Why so few Engineers are writers
Engineers are solitary creatures. Preferring to work by themselves. So it would seem that they would be perfect for being writers.
The problem is working with others. The term “Engineering Team” is an oxymoron. An engineer is trained to take a big problem and break it into small solvable pieces. There is no team in, break into small pieces. They beak the problem up, then each member of the team goes off by themselves and works on their part of the problem. This leads to difficulties when they go to bolt the project together they find one engineer used course threaded nuts and bolts and he must attach his part to a part that another engineer used fine threaded nuts and bolts on. The third engineer used SAE threaded nuts and bolts on his part and the fourth engineer used metric threaded nuts and bolts. They were all too busy making their parts to read the contract that stated they were to use Whitworth threads.

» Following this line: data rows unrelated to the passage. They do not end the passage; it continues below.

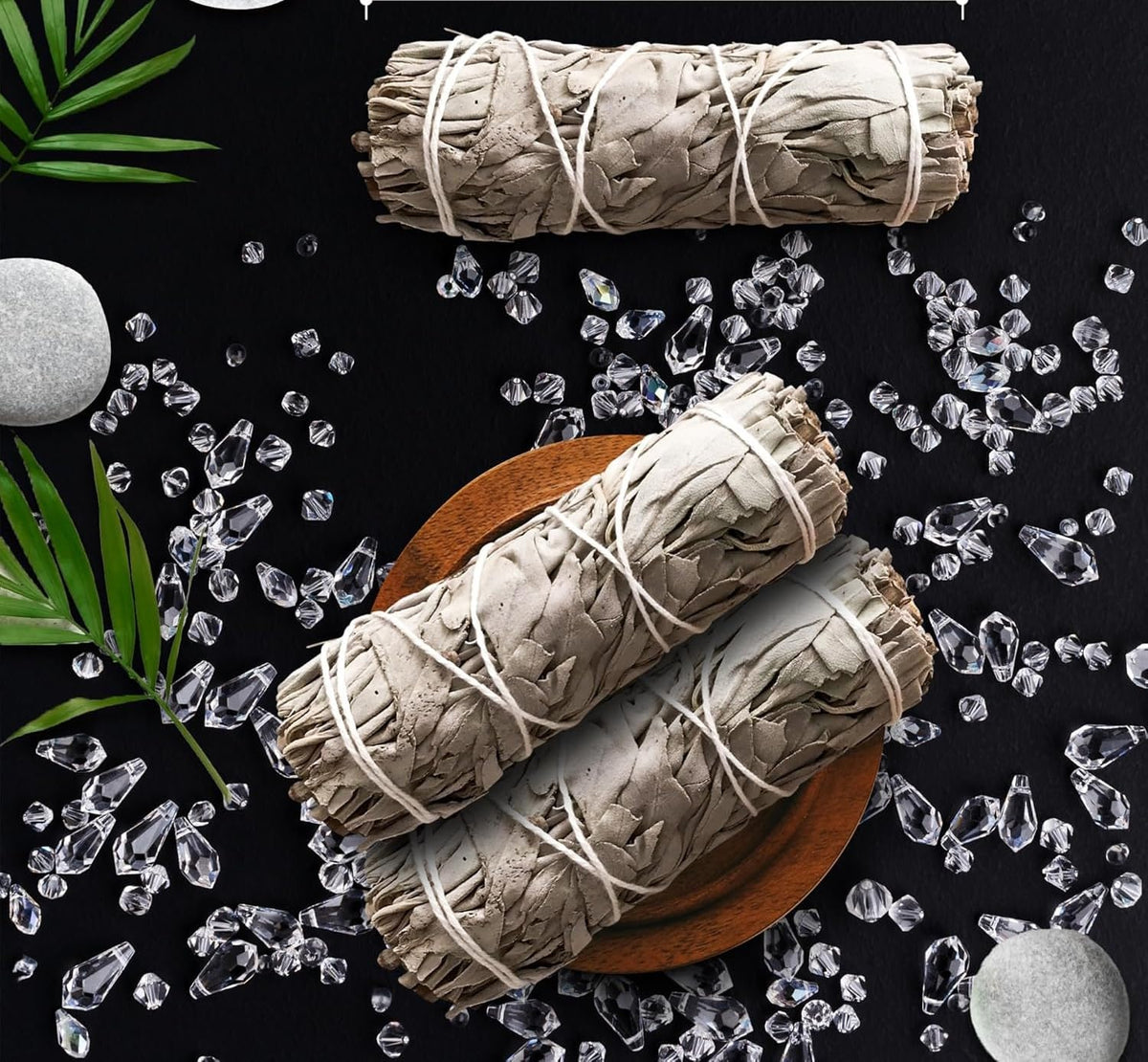 Moonwater Elixirs sage smudge with clear quartz crystals amplifies purification and energy.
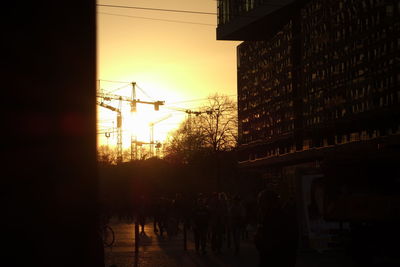 Buildings in city at sunset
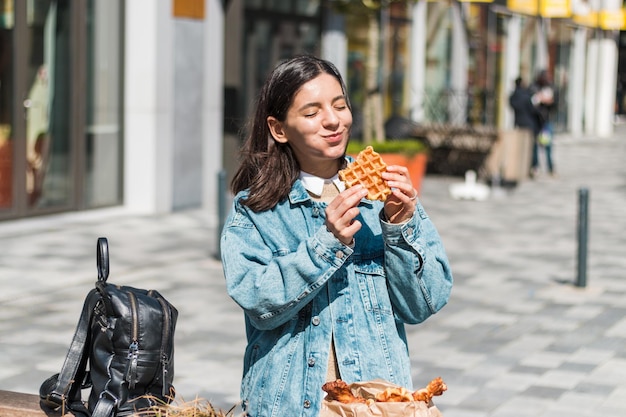 Chica atractiva comiendo con gran placer sabrosa comida de café para llevar en la calle. te lo mereces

They were trained to do their homework alone, with no coping from others. Work is just like homework and writing a book is work. That’s why so many people never finish writing a book. It’s to much like homework (and for so many pays about the same).
Now imagine them in a critique group. Imagine an engineer trying to manage a group of 20 or more Beta Readers while remaining an engineer and not becoming a pointed haired boss. Imagine an engineer with two books on English grammar and they disagree with each other. It’s enough to make a logical engineer snap.